Captive cross inside a cube

This puzzle was inspired in part by Steve Ramsey's cube within a cube puzzle video. I thought I'd try one of those too, but, I wanted to give it my own twist.

My first thought was that I could drill square holes instead of round ones using my pantorouter. And then I had the idea of making it a hollow hole. This would leave a sort of 3-dimensional cross inside the cube. At left, the hole, and the 2x sized template for the pantouter.

I cut a cube, 72 mm to a side, from some solid birch wood that came from a piece of firewood. I'm cutting it off behind my crosscut sled, because I only had a 9" blade in the saw at that moment (on the sled, the blade would not have reached through). Then I marked where the edge of the holes need to be. I used these lines to line it up on the pantorouter. I only need lines on one face to set up the machine.

The tricky part of the setup is that I have to install the template with the guide bearing already in the template, otherwise, I can't get it in. With the all metal pantorouter I could retract the bearings, but the wooden one, with its mounting slots in the template holder, is a bit more convenient for mounting homemade templates to. That, and the clamp on the homemade one is more convenient for this job.

Lining it up. Bsically, moving through the range of motion and making sure I'm the same distance from the line on all sides. For up and down, I have to move the template. For side to side, it's easier to move the cube.

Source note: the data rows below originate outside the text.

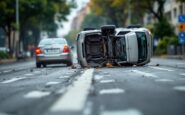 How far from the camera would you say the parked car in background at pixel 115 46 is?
21.9 meters

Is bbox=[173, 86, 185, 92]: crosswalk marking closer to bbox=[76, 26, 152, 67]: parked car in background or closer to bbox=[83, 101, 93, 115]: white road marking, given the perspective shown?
bbox=[83, 101, 93, 115]: white road marking

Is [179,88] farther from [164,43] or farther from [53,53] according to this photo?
[164,43]

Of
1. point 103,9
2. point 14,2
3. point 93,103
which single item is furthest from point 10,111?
point 103,9

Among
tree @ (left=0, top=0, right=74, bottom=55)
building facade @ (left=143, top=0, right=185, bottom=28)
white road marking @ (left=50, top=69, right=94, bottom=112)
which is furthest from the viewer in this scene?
building facade @ (left=143, top=0, right=185, bottom=28)

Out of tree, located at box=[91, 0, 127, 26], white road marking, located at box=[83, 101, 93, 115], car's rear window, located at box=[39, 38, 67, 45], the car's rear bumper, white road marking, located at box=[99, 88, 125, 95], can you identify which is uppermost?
tree, located at box=[91, 0, 127, 26]

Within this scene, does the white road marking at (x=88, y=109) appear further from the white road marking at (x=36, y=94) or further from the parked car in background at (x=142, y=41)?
the parked car in background at (x=142, y=41)

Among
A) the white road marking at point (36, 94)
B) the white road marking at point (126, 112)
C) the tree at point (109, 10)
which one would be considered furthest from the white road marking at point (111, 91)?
the tree at point (109, 10)

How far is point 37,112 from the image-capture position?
6902 millimetres

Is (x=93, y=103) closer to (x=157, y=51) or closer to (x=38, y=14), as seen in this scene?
(x=38, y=14)

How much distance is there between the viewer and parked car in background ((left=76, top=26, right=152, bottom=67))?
21.9m

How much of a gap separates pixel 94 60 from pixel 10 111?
16210 mm

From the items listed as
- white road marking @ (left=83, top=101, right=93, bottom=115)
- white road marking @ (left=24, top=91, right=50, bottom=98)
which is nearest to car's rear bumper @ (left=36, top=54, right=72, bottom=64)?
white road marking @ (left=24, top=91, right=50, bottom=98)

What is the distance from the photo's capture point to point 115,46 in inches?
898

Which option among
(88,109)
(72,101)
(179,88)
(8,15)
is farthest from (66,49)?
(8,15) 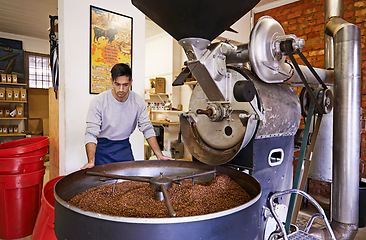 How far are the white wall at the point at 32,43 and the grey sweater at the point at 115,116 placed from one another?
584 centimetres

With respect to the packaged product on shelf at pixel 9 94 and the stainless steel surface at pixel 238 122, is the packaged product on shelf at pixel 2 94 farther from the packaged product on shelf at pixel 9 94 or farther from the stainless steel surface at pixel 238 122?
the stainless steel surface at pixel 238 122

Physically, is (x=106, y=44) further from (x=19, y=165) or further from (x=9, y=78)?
(x=9, y=78)

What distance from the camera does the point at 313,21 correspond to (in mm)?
4055

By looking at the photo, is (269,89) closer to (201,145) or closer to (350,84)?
(201,145)

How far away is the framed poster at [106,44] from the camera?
2.73m

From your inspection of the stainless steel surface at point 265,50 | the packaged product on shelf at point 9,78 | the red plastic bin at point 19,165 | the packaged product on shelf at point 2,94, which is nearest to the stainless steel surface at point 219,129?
the stainless steel surface at point 265,50

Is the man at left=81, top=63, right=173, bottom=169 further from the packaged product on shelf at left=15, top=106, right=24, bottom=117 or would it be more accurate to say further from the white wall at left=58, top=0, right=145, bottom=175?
the packaged product on shelf at left=15, top=106, right=24, bottom=117

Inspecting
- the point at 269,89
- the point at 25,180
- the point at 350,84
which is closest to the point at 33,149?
the point at 25,180

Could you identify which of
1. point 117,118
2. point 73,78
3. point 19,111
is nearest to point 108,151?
point 117,118

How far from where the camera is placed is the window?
707 cm

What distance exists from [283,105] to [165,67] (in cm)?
458

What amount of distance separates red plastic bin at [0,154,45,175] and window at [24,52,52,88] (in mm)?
5589

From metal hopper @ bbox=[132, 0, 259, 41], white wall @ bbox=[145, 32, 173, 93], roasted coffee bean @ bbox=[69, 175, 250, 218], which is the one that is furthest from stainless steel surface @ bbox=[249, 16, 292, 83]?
white wall @ bbox=[145, 32, 173, 93]

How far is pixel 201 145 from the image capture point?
5.08 feet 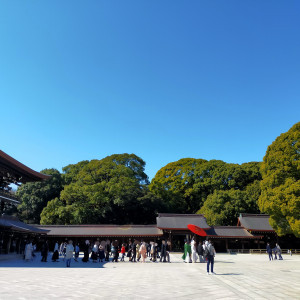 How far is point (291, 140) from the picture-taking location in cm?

For setting the depth, I have to make sure the router reaches as far as the line plus the thickness of the bit (see image at right).

Routing it out. Initially, I just kept going around the square as I cut it out, but I found it's better to go back and forth over one straight segment at a time.

I after cutting two faces, I check that the depth is about right.

I saved an end-grain face for the end. The end grain is much easier to cut because, as the bit moves side to side, it's actually cutting side grain.

When the final face is cut, the cross on the inside is released. To prevent it from getting caught in the bit, I put a clamp around the cube's sides, so that the cross is held from four sides. This worked out ok.

The finished cube is a neat sort of object. It makes a nice noise when you shake it, but I have to say, it's really not that exciting. I think the cube within a cube type "puzzle" is more interesting.